Penn Environment recommends that states require financial assurances of at least $250,000 per well to cover plugging and reclamation; at least $5 million per well for restitution; and an assurance period of 30 years.

If those numbers sound high, Penn Environment notes that a study out of Carnegie Mellon University estimates the average cost of plugging and abandoning a gas well in Pennsylvania’s Marcellus region is about $100,000 per well. Moreover, the group cites a case in which Cabot Oil and Gas paid about $2.2 million to abandon three sites in Susquehanna County, an average of about $700,00 each.

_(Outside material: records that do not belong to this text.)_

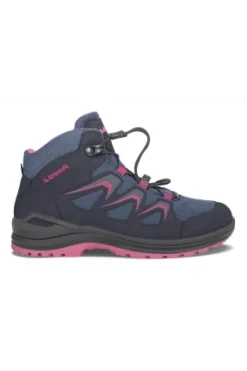 Lowa Innox Evo GTX Qc Junior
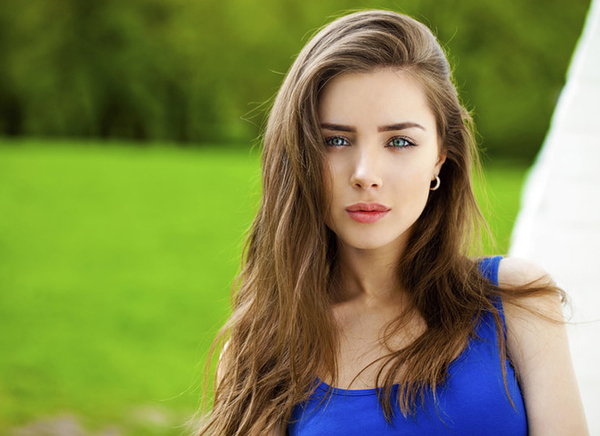 Гороскоп на сегодня, 22 июля 2018 года, для всех знаков Зодиака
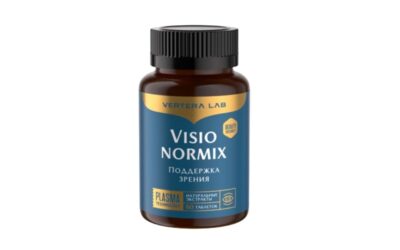 Visionormix
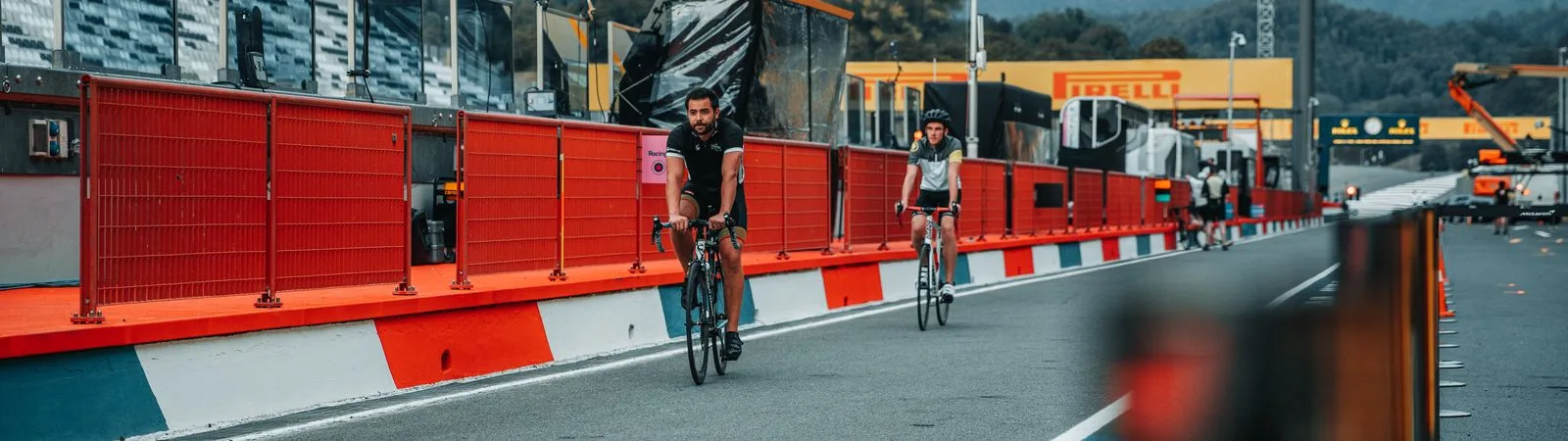 #MoveForMind We're taking part to support the vital work of Mind. Our team will be walking, running, or cycling as often as we can to raise money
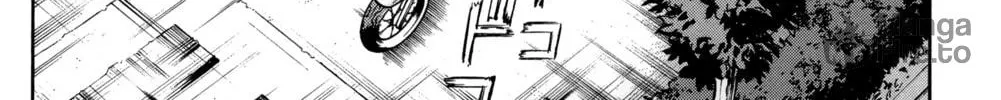 Nanba MG5 Chapter 49 page 36 - 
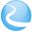 skiweekender.com icon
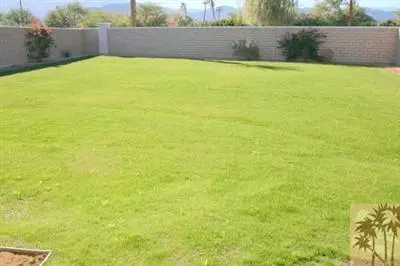 49299 Cochran Dr, Indio, CA 92201 photo 15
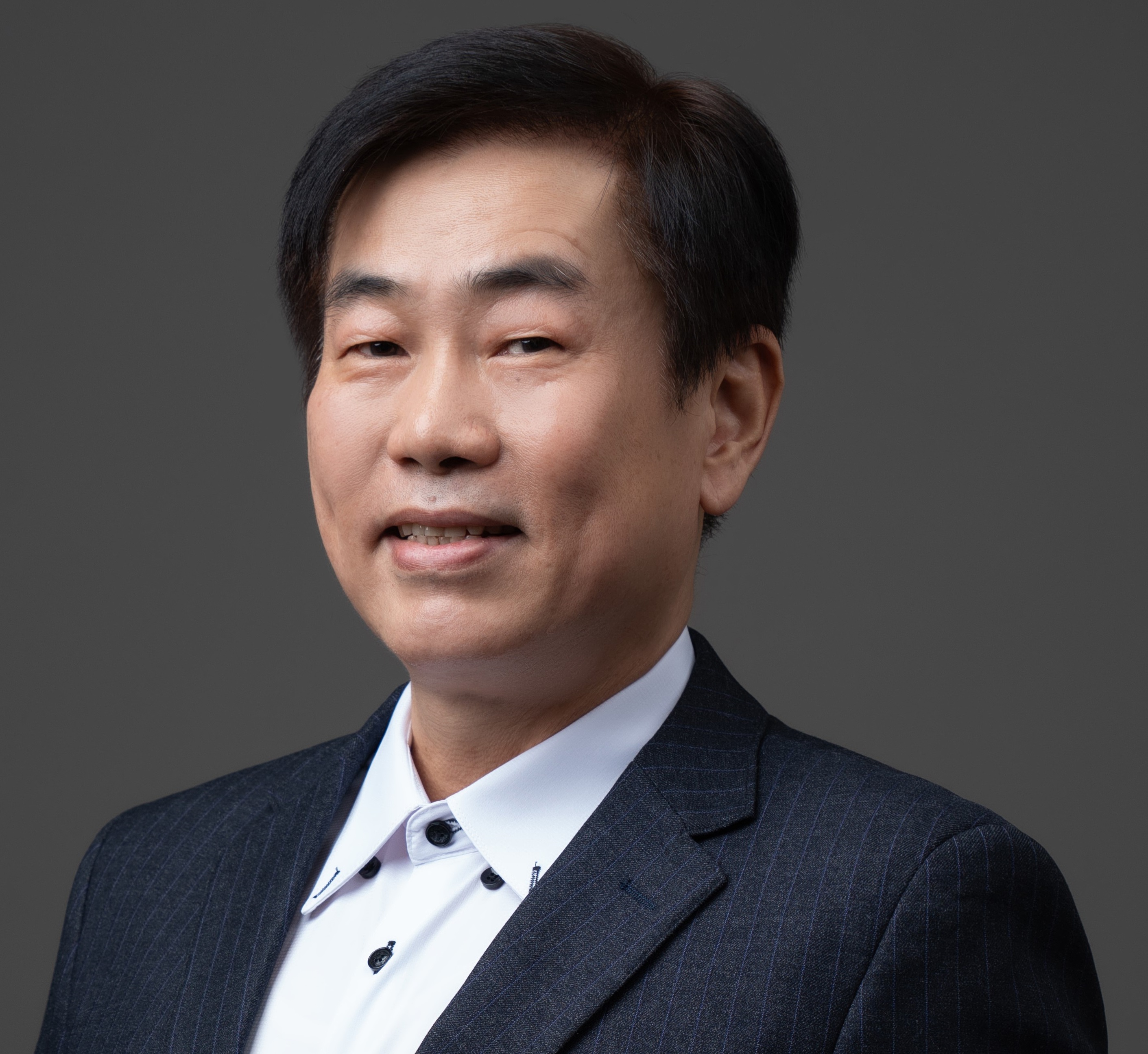 蔡昇宏
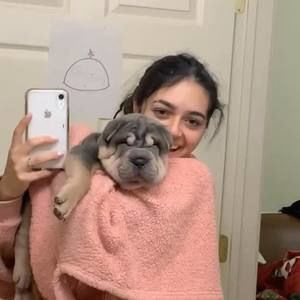 Meet your Posher, Keixa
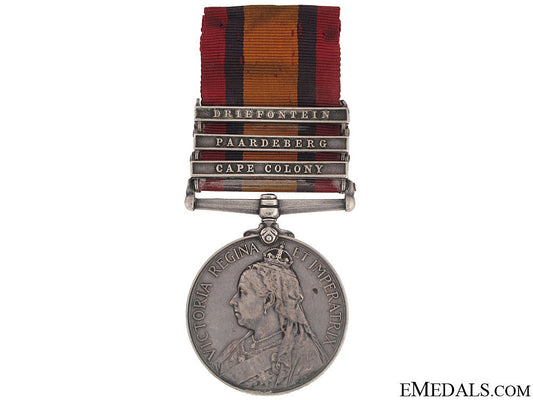 queen's_south_africa_medal-_royal_canadian_regiment_queen_s_south_af_507ef18959229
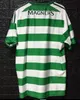 Celts 24 25 Kyogo Futbol Gömlek FC 2024 Evde Üçüncü Futbol Formaları Celtic Daizen Reo McGregor 135 Yıllık Hoops Yıldönümü İrlanda Origins Özel 888888
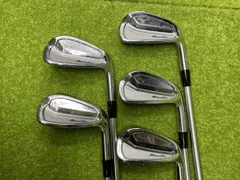 2026年最新】mizuno pro 520の人気アイテム - メルカリ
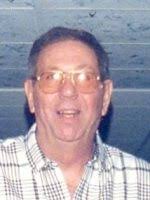 Obituary information for Leonard Melton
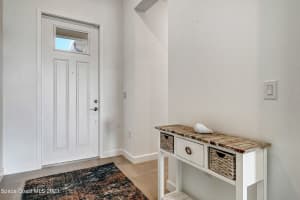 8834 Alister Drive, Melbourne, FL 32940 Sold 08/18/23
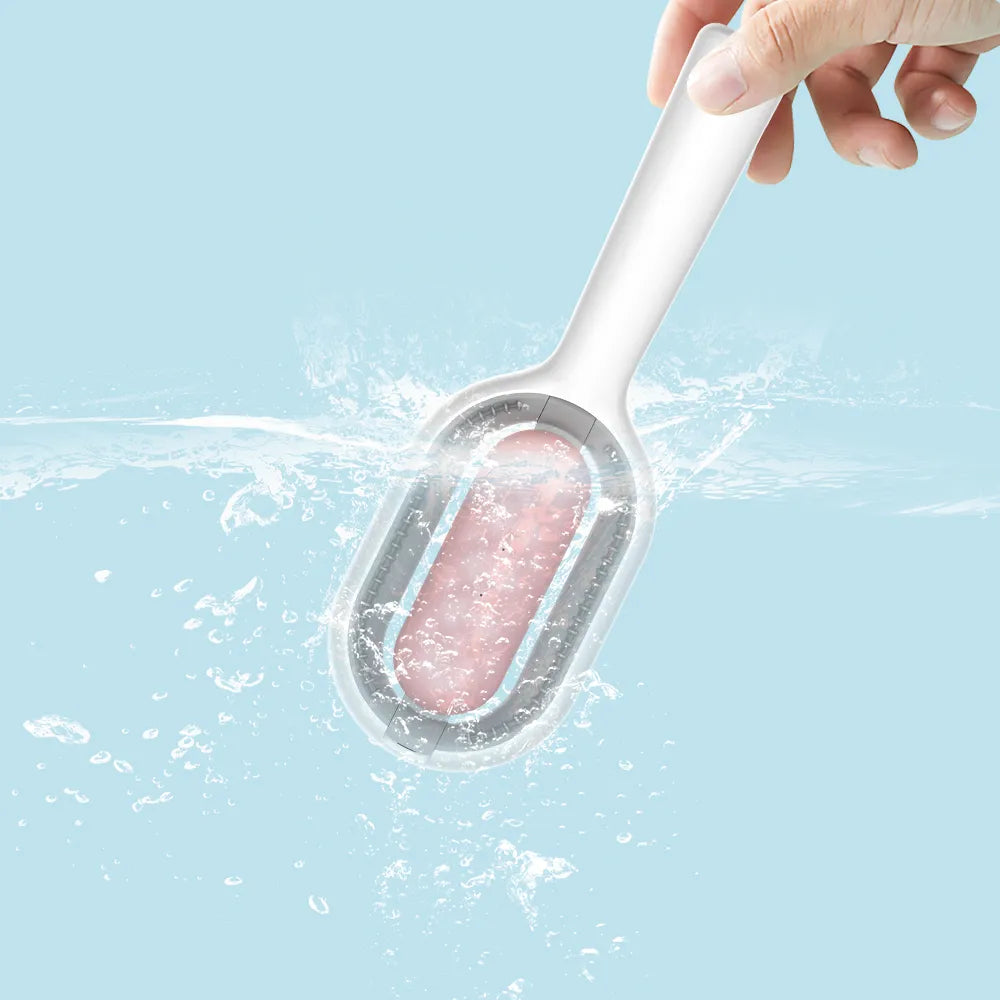 Groomi Multibrush™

And if raising assurances by that much sounds politically infeasible — or regulatorily implausible — Penn Environment notes that New York state already requires $250,000 in assurance for a single well. And Ohio makes drillers hold up to $5 million in liability insurance for bodily injury and damage to property for all a driller’s wells in the state.

Moreover, the group notes that this year alone, in the midst of both the gas boom and rising concern about drilling’s impact, three states — Illinois, Maryland and South Dakota —have raised their financial-assurance requirements, though not to the levels recommended by Penn Environment.

As precedent for the unwanted legacies of extractive industries, Penn Environment cites the widespread water-pollution problems caused by a century’s worth of abandoned coal mines. And the report says that the U.S. is home to 59,000 orphaned oil and gas wells, plus an estimated 90,000 or more whose status is undocumented.

The group says upfront financial assurances are crucial because of the cyclical nature of the fossil-fuel industry: Firms whose sites do damage might be unable or unwilling to pay for cleanup or restitution years from now.